Transaction Amount Patterns:
<ul><li> Average transaction amount per client </li>
<li> Deviations from typical amounts (outliers) </li>
</ul>

Transaction Timing Patterns:
<ul>
 <li>  Unusual activity by local time (time zone outliers for the client) </li>
 <li> Time between consecutive transactions, </li>
 <li> Recipient Patterns: Number of unique recipients per sender (potential pattern for laundering) </li>
</ul>

<font size=6> Attempting rolling day stats</font>

In [None]:
rolling_period = '180D'
min_obs = 3

In [None]:
# Calculates time between previous transaction for each of seller, beneficiary
# (The mask.....etc code sets the sender_time_btwn, bene_time_btwn feature to 0 (of timedelta type)
# for the first occurrence an account appears.
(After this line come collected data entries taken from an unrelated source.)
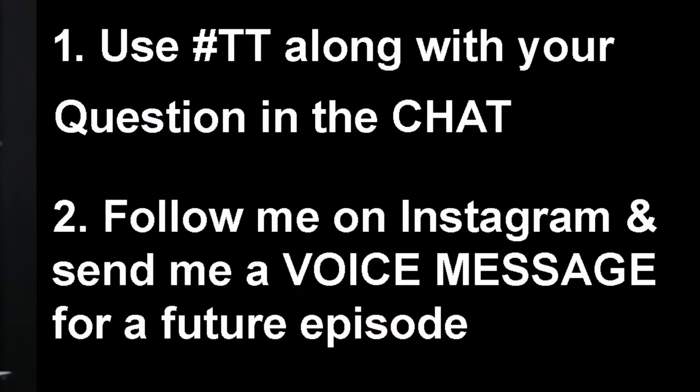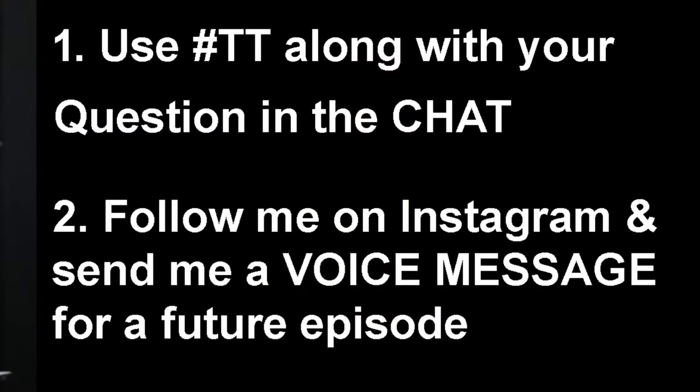Thank you so much for your question, Patrick. There are a couple ways to participate in the show: you can use hashtag TT along with your question in the chat to help me identify your question quickly. Also, follow me on Instagram at VEO Goalie and send me a voice message. As an audio recording professional, I really love audio recordings, and I just happen to have one today from Drew.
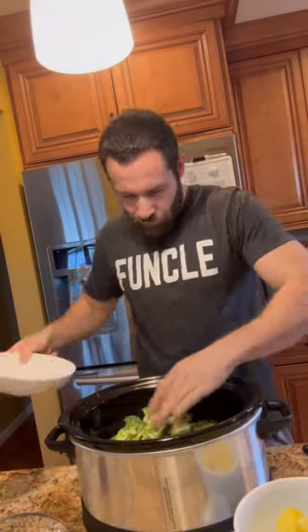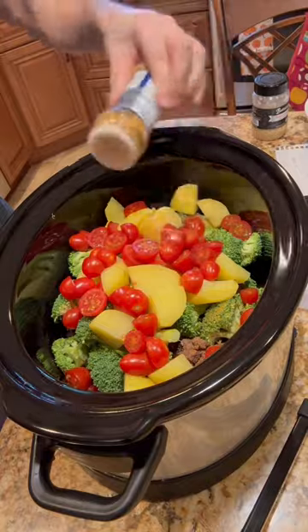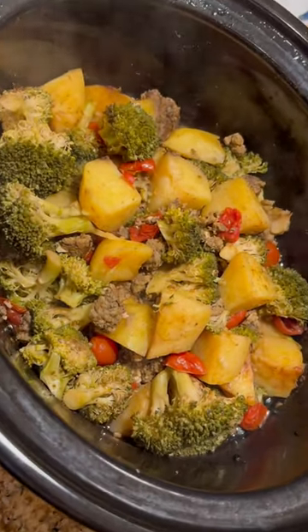And then it's time for the vegetables. So we do four cups of broccoli — love broccoli — then we got yellow potatoes, then we got cherry tomatoes. Then we got all the seasoning, do it as much as your heart desires, and voila, look at how beautiful that is.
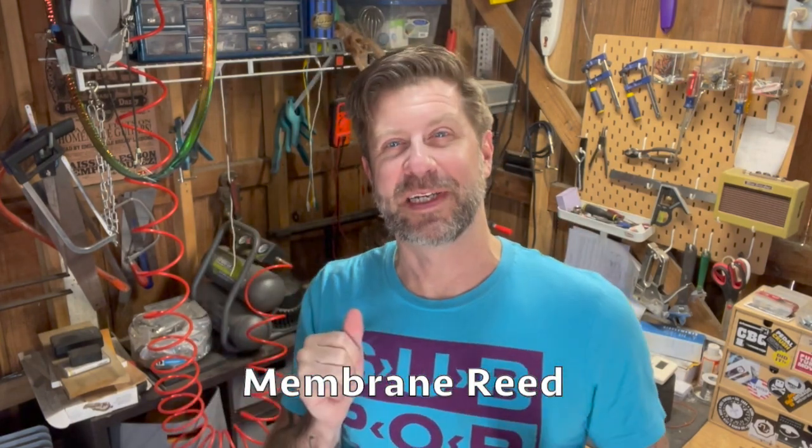Well howdy folks, welcome back to the workshop for another DIY video. This is going to be prototyping today because I've never attempted to build what I'm about to build, but I have read a little bit about these and seen some videos. Today I'm going to try to make a membrane reed.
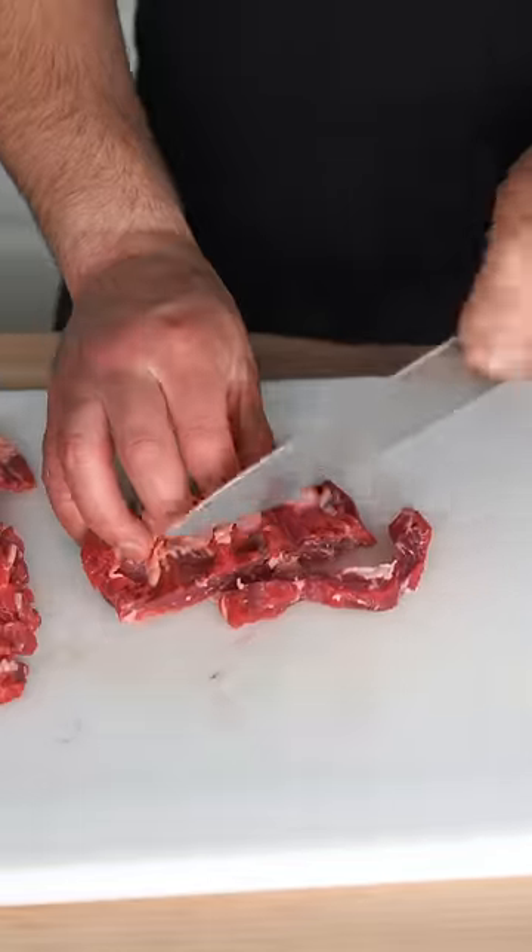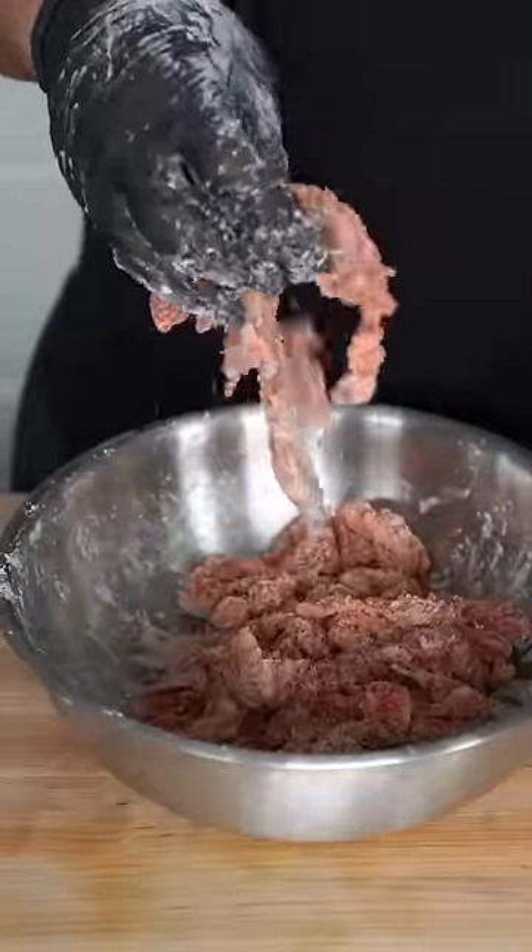This is the only Beijing beef recipe you'll ever need. Thin strip your skirt steak across the grain. Douse them in a little soy sauce. Marinate with a couple egg whites. Then you want to cover your meat in a little potato starch. Make sure every individual piece is covered and just let them vibe on the side.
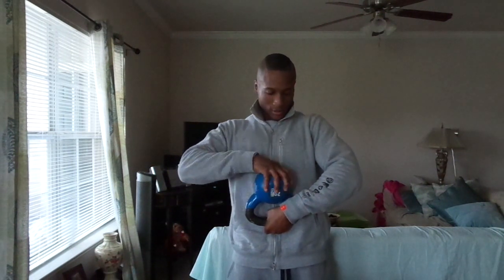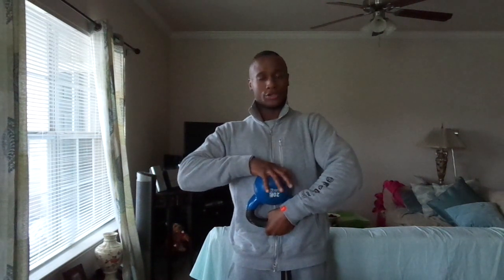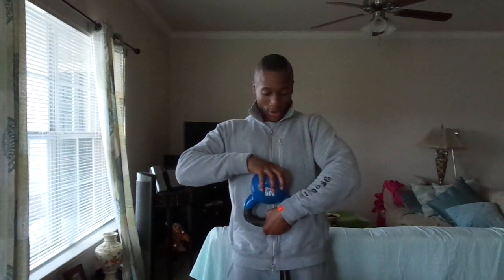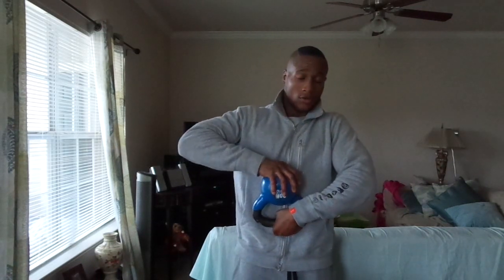It's pretty simple how you do this exercise. You just grab the horn of the kettlebell like this. You want to make sure you have a strong grip on it — squeeze as tight as you can. So you grab the horn of it and you hold it for as long as you can, like this.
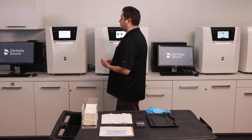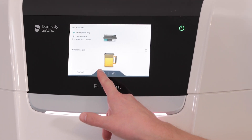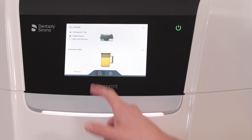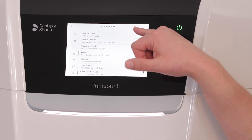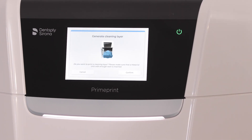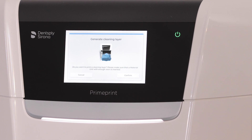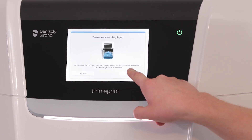Once it reads the RFID from the cartridge and the material unit, it's going to bring me back to the main screen. I push the routine actions button, which looks like a printer, and right at the top there is the cleaning layer option. I select that. It asks: do you want to print a cleaning layer? Please make sure there's enough resin in the material unit. And I confirm.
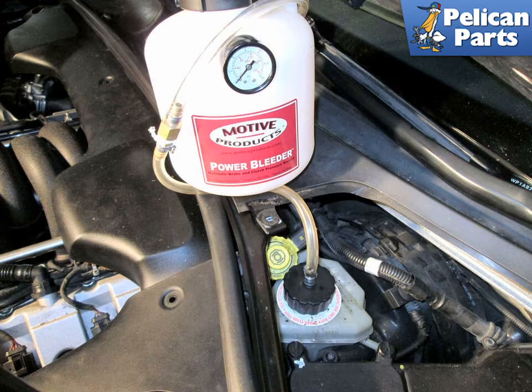Begin to pressurize the system. If the system will not hold pressure, you have a leak somewhere.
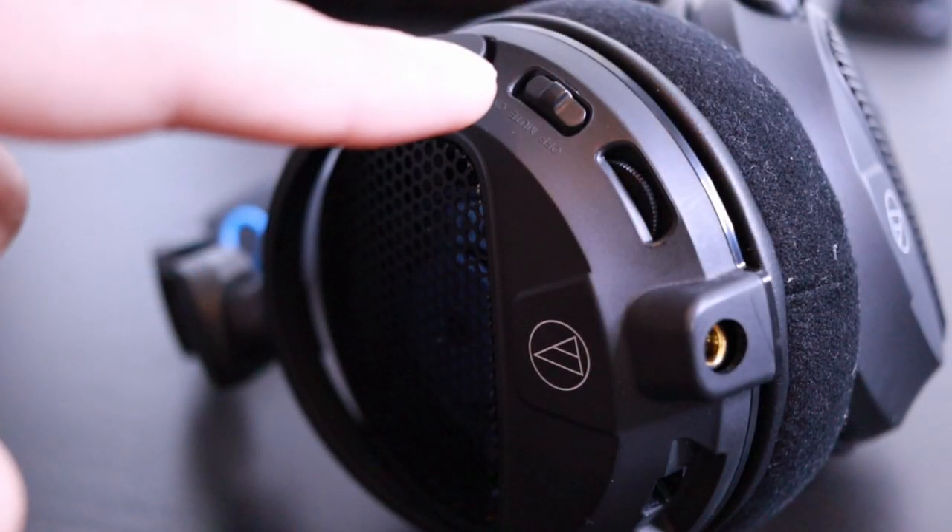Here she is, the ATH-GDL3. First and foremost, I want to point out that I love the look of this headset. This is a very simplistic headset. There's nothing crazy going on — no RGB, no fancy design, no craziness to it. It is just a simple gaming headset.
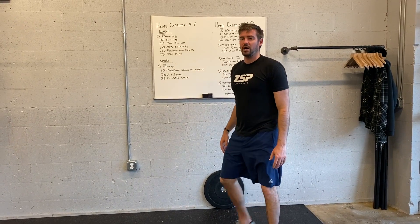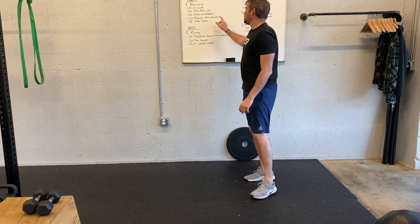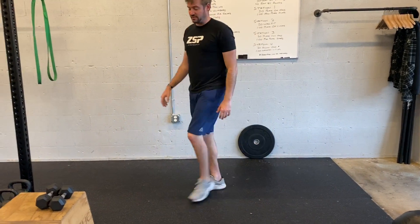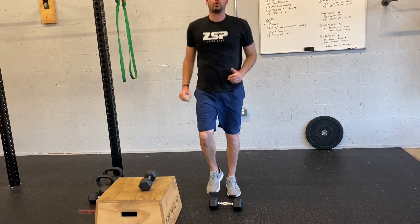Pulsing air squats — it's kind of a half squat, full squat. And then 75 toe taps: grab a weight and just kind of move in quick with the feet.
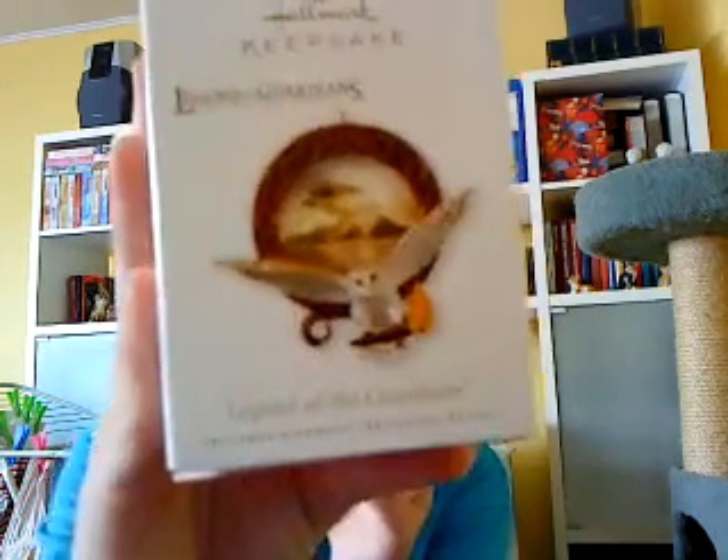Hello there YouTube, this is me Silverwood Sun again, and today I'm doing another review. I'm having my face in this video, and this is the first time I'm doing a review with my face, so kind of a big step. The item I'm going to review is this one.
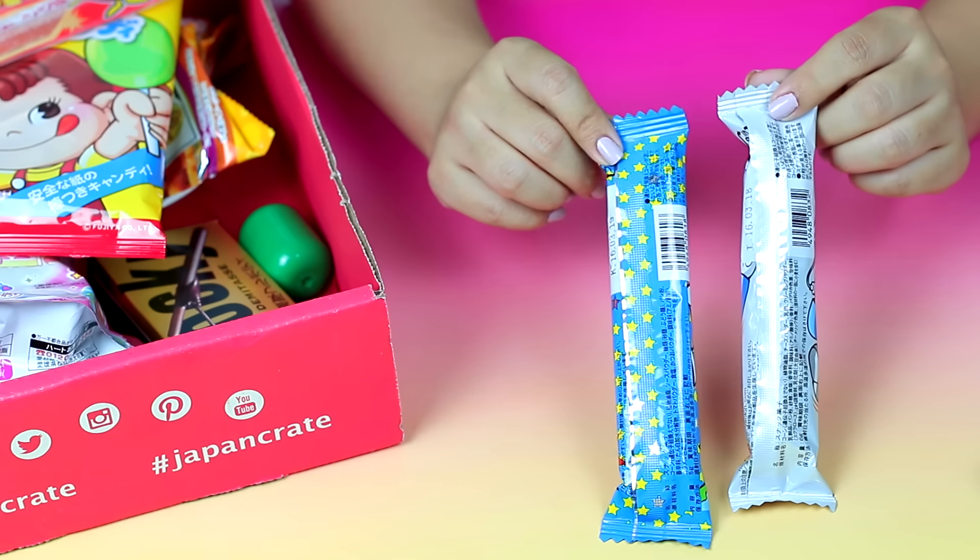I received three different umebo sticks with different flavors: veggie salad, cheese, and pork cutlet. The one with the little pork on the front is probably the pork cutlet, so let's try that. It's like crispy but has this really really good taste to it — I can't even explain it. It's almost like those shrimp fries you find at the Asian market, but ten times better.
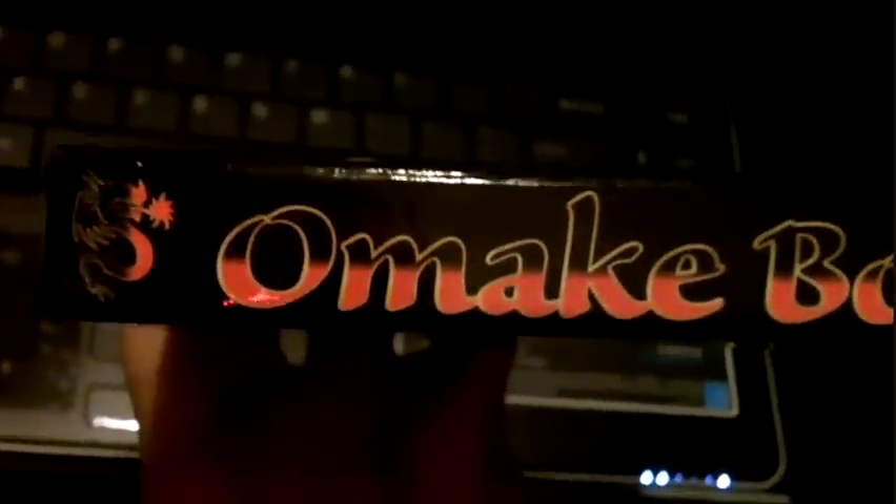Next, I'm going to show you the bonus box. This is the front. On the side, this is the back.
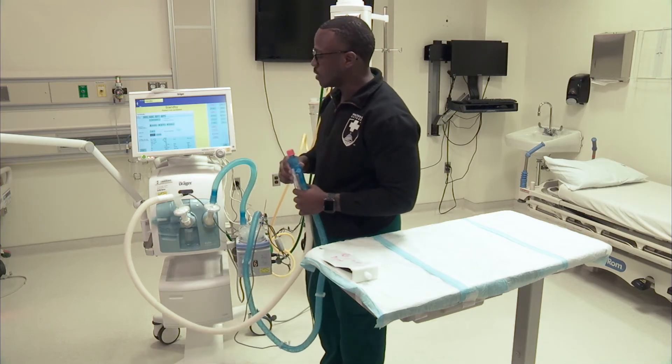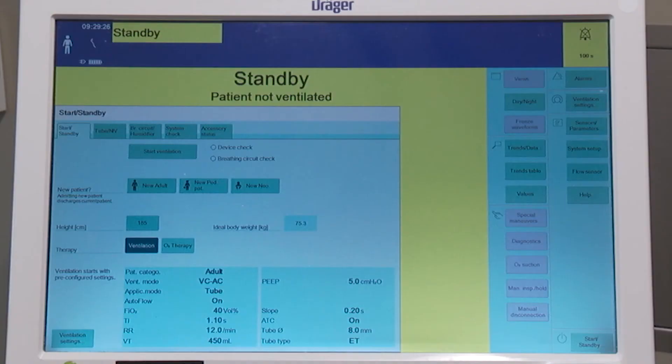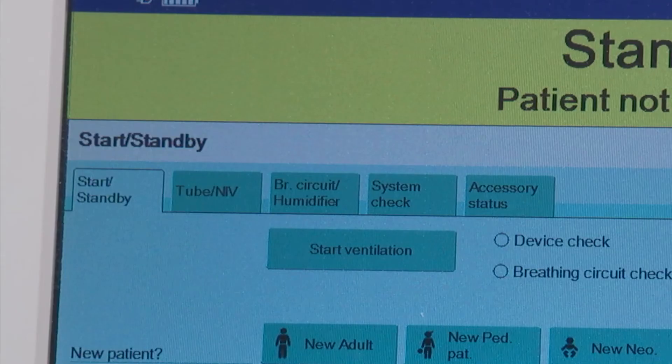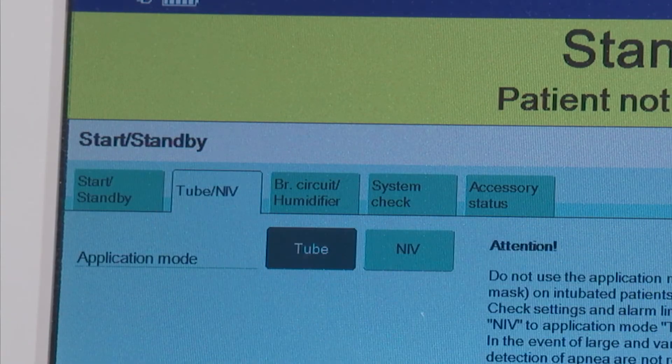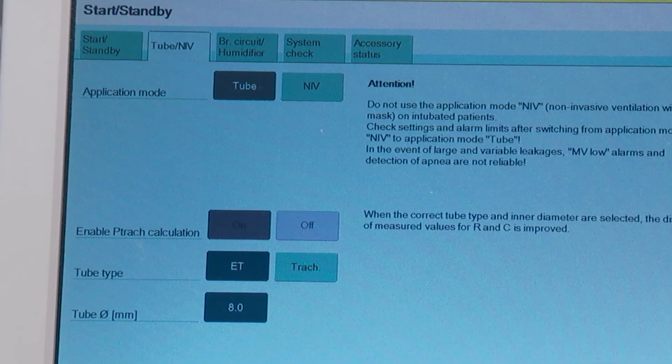On this standby tab, the first thing we're going to do is ensure that we're setting the ventilator to the tube that the patient has. So we're going to go to tube and IV. Application mode should be tube. When you look at the bottom of the screen, you have tube type and then tube size. I'm just going to ensure that it says endotracheal tube and then the size of the tube. Our patient for today's lab has an 8.0 millimeter endotracheal tube.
NaT's are still placed where a Sender_Account or
# Bene_Account entry is NaN.)

JPfraud['sender_time_btwn'] = (JPfraud.groupby('Sender_Account')['timestamp'].diff()
                                      .mask(JPfraud.groupby('Sender_Account')['timestamp'].cumcount().eq(0), dt.timedelta(0))
                              )
JPfraud['bene_time_btwn'] = (JPfraud.groupby('Bene_Account')['timestamp'].diff()
                                    .mask(JPfraud.groupby('Bene_Account')['timestamp'].cumcount().eq(0), dt.timedelta(0))
                            )

JPfraud

In [None]:
type(JPfraud.sender_time_btwn[0])

In [None]:
# Testing that new features are computing correctly
JPfraud[JPfraud.Sender_Account == 'ACCOUNT-9825']

In [None]:
JPfraud[JPfraud.Bene_Account == 'ACCOUNT-10041'].head(25)

<font size=5> Issues/Questions:</font>
<ol>
    <li> For a new client, first few transactions will likely be outside of quartile ranges.
         Maybe do not have quantile ranges until after first 90, 180 etc days? </li>
    <li> Treat out_range classifiers differently for NaN's? </li>
    <li> </li>
</ol>

In [None]:
JPfraud.sender_time_btwn.describe()

In [None]:
# Number of non-fraud, sender transactions vs time between transactions, hourly distribution
JPfraud[JPfraud.Label == 0].set_index('sender_time_btwn').resample('1h').Label.count()

In [None]:
# Number of fraud, sender transactions vs time between transactions, hourly distribution
JPfraud[JPfraud.Label == 1].set_index('sender_time_btwn').resample('1h').Label.count().head(40)

In [None]:
# Number of fraud, sender transactions vs time between transactions, 5 minute-distribution
JPfraud[JPfraud.Label == 1].set_index('sender_time_btwn').resample('5min').Label.sum().head(25)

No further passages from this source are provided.